4 Quick Pre-Round Golf Warmup Movements That Work
I don't care if the last round you played was yesterday or last October, if you think you're going to play at your best without properly warming up your body, you're wrong. If your body isn't prepped for 18 holes of golf, in a best case scenario you're not going to play as well as you can. In a worst case scenario, you're going to get hurt. Neither of those are scenarios that I'm guessing you're interested in experiencing.
If you know anything about me, you know that I'm all about optimizing the body for the sport of golf.
The workouts, exercises, and drills I do with my players are designed to make sure that they can play to the best of their ability. If you've been doing my program at home -- either my Golf Body 1 DVD or the workouts in "Fix Your Body, Fix Your Swing" -- you've also been pretty busy changing your body. But to make sure that all of that hard work transfers over to the golf course, you need to make sure that your new body is ready to go play 18 holes.
For the same reasons that the strengthening and conditioning that you're doing is specific to the sport of golf, the warm-up that you need to be doing also has to be specific to the sport.
And even the warm-up I'm going to have you do has a specific order. It's a sound and logical progression that will have you performing optimally as soon as you step up to the first tee.
Leg Swings -- To loosen up the muscles around the hips in a very linear way -- we'll get to rotational moves later -- stand with feet shoulder-width apart.
Shift your weight slightly so that most of your weight is on your left leg and you can lift your right foot off the ground without bending at the knee. Think of your right leg as a pendulum. Keeping the leg straight, swing it directly in front of you -- think 12:00 on a clock -- then let the momentum of the move swing the leg directly in back of you to 6:00. Every time the leg goes back to 6:00 is one rep. Do five reps on each leg. Now -- while still facing forward -- do the same thing swinging the leg from 3:00 to 9:00. Do five complete side-to-side swings on each leg. Run through this series of swings twice. If you're having trouble with your balance, you can stabilize yourself with one of your clubs. Eventually, though, try to get to the point where you can do this without any balance aid.
Prisoner Squats -- To start to open up the chest and wake up the muscles in your back and legs -- while continuing to keep things loose at the hips -- try this variation on a traditional bodyweight squat.

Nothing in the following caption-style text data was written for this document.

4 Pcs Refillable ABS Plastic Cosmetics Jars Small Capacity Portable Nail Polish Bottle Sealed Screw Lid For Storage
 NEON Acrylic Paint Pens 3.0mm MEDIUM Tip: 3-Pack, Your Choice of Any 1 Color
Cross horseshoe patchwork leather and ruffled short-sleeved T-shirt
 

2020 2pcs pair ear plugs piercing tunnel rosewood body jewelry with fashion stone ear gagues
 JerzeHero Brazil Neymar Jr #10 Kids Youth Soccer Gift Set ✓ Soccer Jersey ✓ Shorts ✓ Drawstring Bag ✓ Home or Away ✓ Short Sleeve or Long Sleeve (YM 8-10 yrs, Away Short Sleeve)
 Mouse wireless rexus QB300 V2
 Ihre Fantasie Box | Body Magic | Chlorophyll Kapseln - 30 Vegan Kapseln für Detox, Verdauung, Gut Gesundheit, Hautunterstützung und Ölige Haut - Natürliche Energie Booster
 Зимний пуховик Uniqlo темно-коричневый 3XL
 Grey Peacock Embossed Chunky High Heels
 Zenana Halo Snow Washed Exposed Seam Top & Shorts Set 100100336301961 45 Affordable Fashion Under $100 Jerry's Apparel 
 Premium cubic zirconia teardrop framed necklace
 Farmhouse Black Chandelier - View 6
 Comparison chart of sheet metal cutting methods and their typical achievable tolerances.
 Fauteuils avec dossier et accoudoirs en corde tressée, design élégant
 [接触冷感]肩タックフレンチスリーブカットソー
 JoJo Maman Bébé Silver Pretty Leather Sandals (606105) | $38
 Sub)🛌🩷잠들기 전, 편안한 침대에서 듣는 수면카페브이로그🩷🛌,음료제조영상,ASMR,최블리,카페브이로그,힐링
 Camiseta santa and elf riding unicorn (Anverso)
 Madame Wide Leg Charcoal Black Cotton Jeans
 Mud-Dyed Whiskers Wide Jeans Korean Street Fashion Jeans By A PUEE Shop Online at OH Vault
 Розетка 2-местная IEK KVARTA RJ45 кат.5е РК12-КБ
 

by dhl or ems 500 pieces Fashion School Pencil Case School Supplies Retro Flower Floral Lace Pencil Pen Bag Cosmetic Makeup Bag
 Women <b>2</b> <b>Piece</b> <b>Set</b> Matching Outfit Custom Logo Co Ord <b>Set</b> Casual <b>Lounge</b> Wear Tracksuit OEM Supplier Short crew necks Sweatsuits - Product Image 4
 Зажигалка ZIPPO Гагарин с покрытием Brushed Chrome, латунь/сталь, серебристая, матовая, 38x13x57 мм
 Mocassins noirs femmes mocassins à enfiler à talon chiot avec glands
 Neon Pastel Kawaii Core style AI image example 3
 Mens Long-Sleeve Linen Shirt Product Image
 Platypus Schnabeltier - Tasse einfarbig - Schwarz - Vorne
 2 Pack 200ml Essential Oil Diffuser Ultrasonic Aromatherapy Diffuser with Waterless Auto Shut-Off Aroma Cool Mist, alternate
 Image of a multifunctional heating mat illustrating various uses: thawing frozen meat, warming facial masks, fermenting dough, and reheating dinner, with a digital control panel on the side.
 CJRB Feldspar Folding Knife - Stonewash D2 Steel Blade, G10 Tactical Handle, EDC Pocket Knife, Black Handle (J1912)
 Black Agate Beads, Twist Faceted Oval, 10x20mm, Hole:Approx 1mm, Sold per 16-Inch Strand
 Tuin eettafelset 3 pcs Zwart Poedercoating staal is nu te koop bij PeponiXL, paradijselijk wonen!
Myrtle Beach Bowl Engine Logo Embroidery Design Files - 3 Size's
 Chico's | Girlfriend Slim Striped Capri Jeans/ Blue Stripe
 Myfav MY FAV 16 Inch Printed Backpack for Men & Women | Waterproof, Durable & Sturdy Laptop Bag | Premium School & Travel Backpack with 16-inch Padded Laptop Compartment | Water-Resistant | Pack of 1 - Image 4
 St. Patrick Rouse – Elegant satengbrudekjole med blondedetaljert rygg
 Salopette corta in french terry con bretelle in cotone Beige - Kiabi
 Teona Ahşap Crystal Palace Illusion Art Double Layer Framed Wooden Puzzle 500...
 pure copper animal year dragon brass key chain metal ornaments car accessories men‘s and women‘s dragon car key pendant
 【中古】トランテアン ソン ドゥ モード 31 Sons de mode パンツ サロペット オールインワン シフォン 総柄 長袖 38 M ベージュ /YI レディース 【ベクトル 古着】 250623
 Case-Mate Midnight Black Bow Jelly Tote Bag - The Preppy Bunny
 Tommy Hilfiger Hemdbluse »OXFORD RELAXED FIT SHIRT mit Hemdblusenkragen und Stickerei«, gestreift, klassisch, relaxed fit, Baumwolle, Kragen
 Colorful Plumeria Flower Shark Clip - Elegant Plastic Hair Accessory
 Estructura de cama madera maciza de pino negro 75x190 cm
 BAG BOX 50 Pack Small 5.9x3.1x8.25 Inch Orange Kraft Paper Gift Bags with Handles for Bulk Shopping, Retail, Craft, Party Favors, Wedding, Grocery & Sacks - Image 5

Stand with your feet shoulder-width apart. Your knees and toes should be pointing forward. Place your hands gently behind your head with your elbows flared out to the sides. Ideally, you won't be able to see your own elbows when you're in this position. (That said, don't apply too much pressure to the back of your head to get into this position. Your neck won't like you.) Slowly kick your hips back, bend your knees, and lower yourself as if you were sitting into an imaginary chair. Try not to let your knees slide forward. Keep them aligned over your heels or mid-foot. When your thighs are parallel to the ground, drive through your heels back into the starting position to complete the rep. Do two sets of ten reps.
Moves three and four start to take things in an even more complex and golf-specific direction. Fortunately, my friends over at Golf Channel's Morning Drive are great about letting me demonstrate a lot of the things I do with my players. These videos do a great job of explaining the technique and the rationale behind the final two warm-up moves. And if Matty G can do them, so can you!
Chest-Opener with Rotation -- This is a great way to open up the chest and shoulders and get your hips thinking about rotation.
It'll also prep the muscles in your back for a full round of golf with proper spine angle.
Rotation from the Ground Up -- Finish your warm-up with another rotational move that will help connect you to the ground and give you a feel for the amount of balance and stability you're going to need to go out and play your best.
You've worked hard off-the-course to get your body in condition to play its best golf.
The final step is to make sure that you'll be able to use those gains out on the course. This simple warm-up series will help keep you injury-free and will let you have a lot more fun and success when you play.